Make an exact transcript of the lines in the data below, starting with the one containing "Hello everyone, I'm" and going on through the one containing "I will now demonstrate", with both included and the pictures left out.
::::
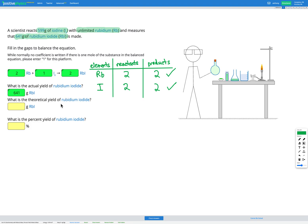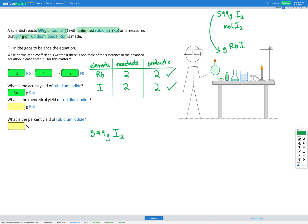Let's use the amount of iodine to figure out how much rubidium iodide we should be able to create. We've got 599 grams of iodine, and we want to convert that into grams of rubidium iodide. First we need to convert grams into moles — we can't convert directly between grams and grams, we have to go through moles. So: grams of I₂ → moles of I₂ → moles of RbI → grams of RbI. That's three steps, so I'll draw a dimensional analysis table with three columns.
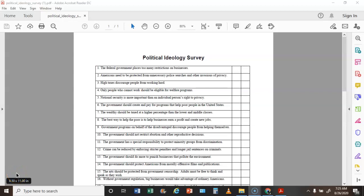Hello APGov. Tonight I'm going to have you take a couple of political surveys and we're going to find out where you are on the political spectrum.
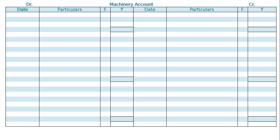The question is: Modern Limited purchased a machinery on 1st August 2013 for Rs. 60,000. Hence draw the machinery account. The last line tells us to prepare the machinery account for 3 years.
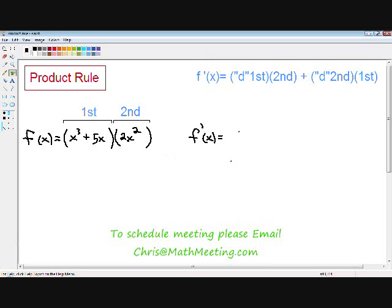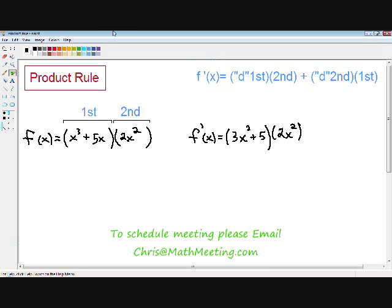So f prime of x, using the formula, is d first — which is the derivative of the first function, x cubed plus 5x — which gives us 3x squared plus 5, multiplied by the second, which is 2x squared. Plus d second — the derivative of 2x squared — which is 4x, multiplied by the first, which is x cubed plus 5x.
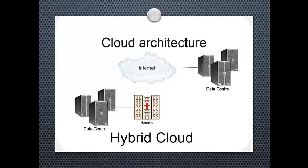Here, organizations may host critical applications on private clouds and applications with relatively less security concerns on the public cloud. One example of hybrid cloud is where IT organizations use public cloud computing resources to meet temporary capacity needs that cannot be met by the private cloud. This capability enables hybrid cloud to employ cloud bursting for scaling across clouds.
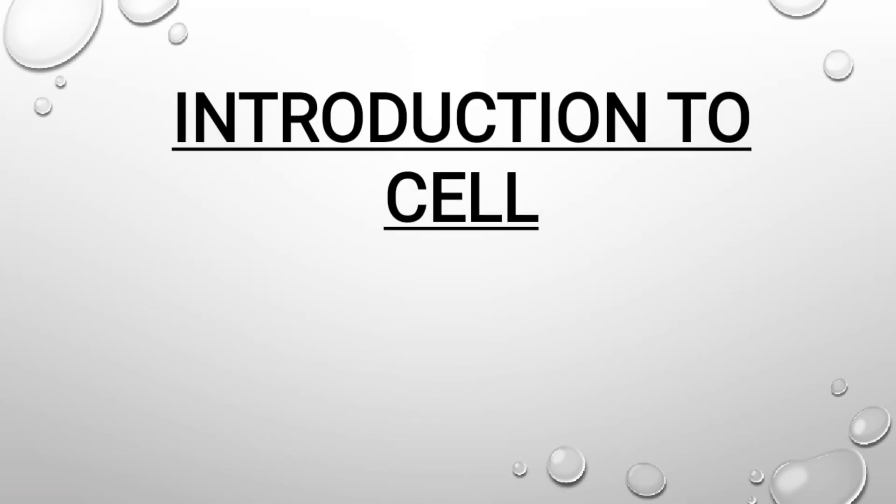Hi guys, welcome to our channel SK Study House. I'm Komal and I'm here to give you an introduction to cell. This is going to be a very basic and general introductory topic to the cell, so let's get started.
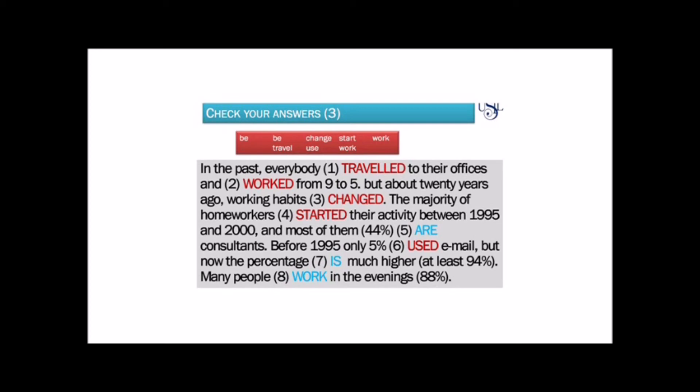Then you will read it. In the past, everybody traveled to their offices and worked from 9 to 5. But about 20 years ago, working habits changed. The majority of home workers started their activity between 1995 and 2000, and most of them — 44% — are consultants. Before 1995, only 5% used email, but now the percentage is much higher, at least 94%. Many people work in the evenings.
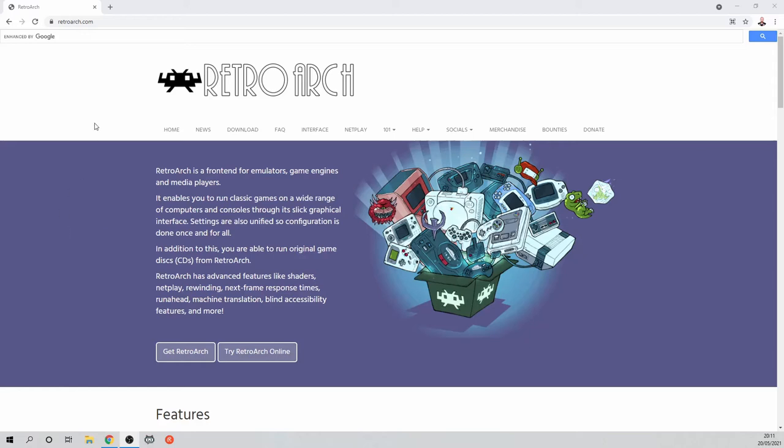Hello everyone, I'm MVL and in this video I'd like to show you how you can play arcade games on your PC using RetroArch.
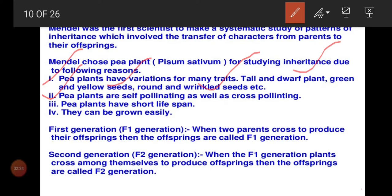Third: pea plants have a very short lifespan of three months — within that they can complete their life cycle. Fourth: they can be grown easily; we don't need much technique to grow Pisum sativum. These are the important characteristics of why Mendel chose the pea plant for his inheritance and plant breeding studies.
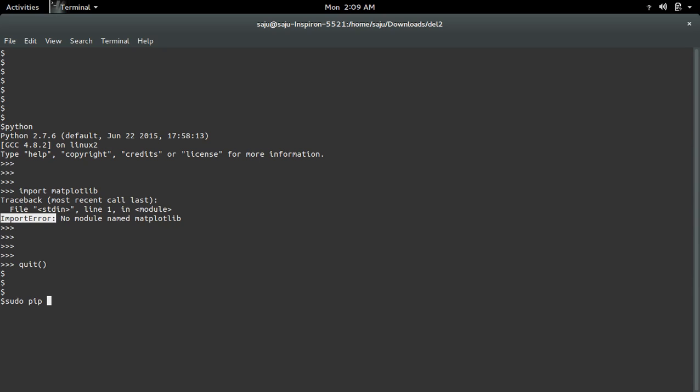Just run this command: sudo pip install matplotlib.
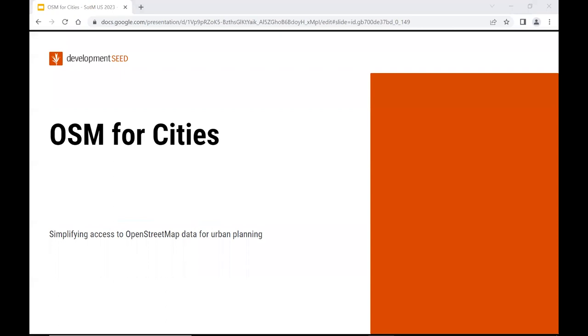Hi everyone. I'm Vitor George, software engineer at DevelopmentSeed, and today I'm going to talk about OSM for Cities.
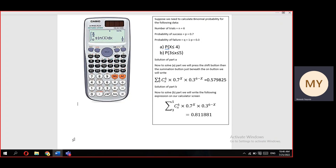Next, press the multiplication button, then enter 0.7 to the power x — for x, again press alpha and then x. Then press the multiplication button and enter 0.3 to the power (6 minus x). The result for part (a) is 0.579825.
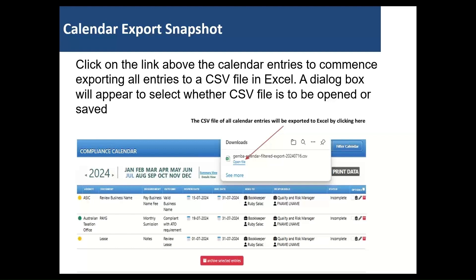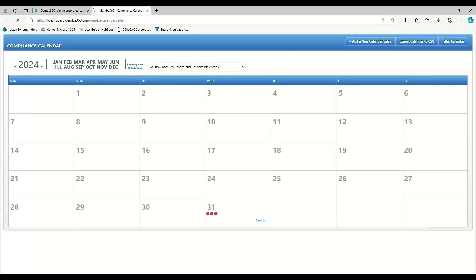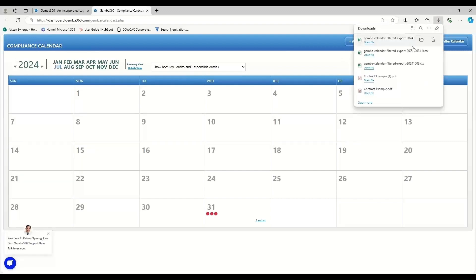I will now demonstrate this on Gemba. We start by clicking the compliance calendar icon on the left and then exporting calendar to CSV on the top right of the screen. You will see that it is immediately downloaded and we can save or open the file.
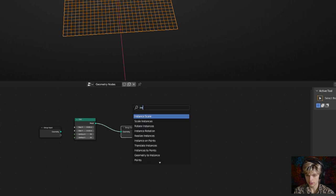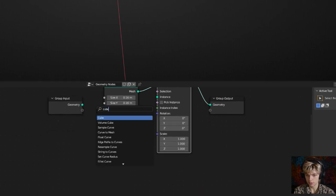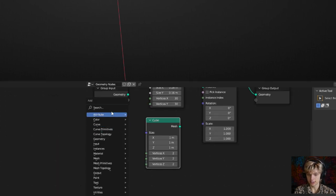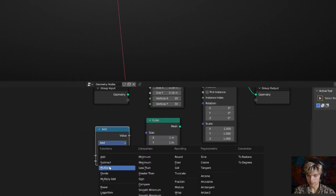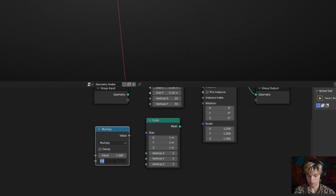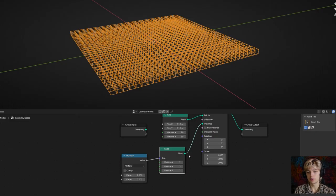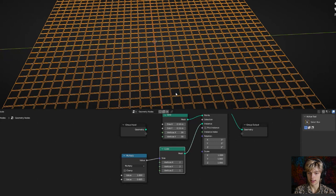Next, add an instance on points node. The geometry will disappear because we need to make an instance — let's do that by getting a cube object. To regulate the size later, add a math node set to multiply, and multiply by 0.005. Connect that to the size and connect the mesh to the instance. To make it 2D, just change the vertices on the Z-axis to one, and now it will be a grid of planes.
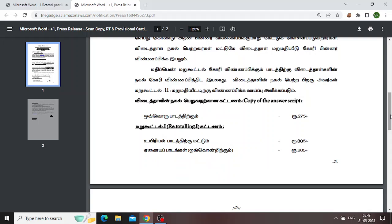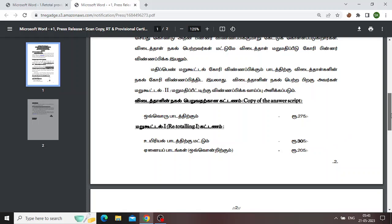For the exam, retotal or answer copy, you will confirm and apply. If you say answer copy and apply for a subject, it will be 275 charges. If you have retotal or apply for a subject, it will be 205 charges. If you say biology subject, it is 305 charges. In your case, it will be 255 charges.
::::
[Expected answer]
Hello everyone, I'm MVL and in this video I'd like to show you how you can play arcade games on your PC using RetroArch.
Third: pea plants have a very short lifespan of three months — within that they can complete their life cycle. Fourth: they can be grown easily; we don't need much technique to grow Pisum sativum. These are the important characteristics of why Mendel chose the pea plant for his inheritance and plant breeding studies.
Just run this command: sudo pip install matplotlib.
Hi everyone. I'm Vitor George, software engineer at DevelopmentSeed, and today I'm going to talk about OSM for Cities.
Next, press the multiplication button, then enter 0.7 to the power x — for x, again press alpha and then x. Then press the multiplication button and enter 0.3 to the power (6 minus x). The result for part (a) is 0.579825.
I will now demonstrate this on Gemba. We start by clicking the compliance calendar icon on the left and then exporting calendar to CSV on the top right of the screen. You will see that it is immediately downloaded and we can save or open the file.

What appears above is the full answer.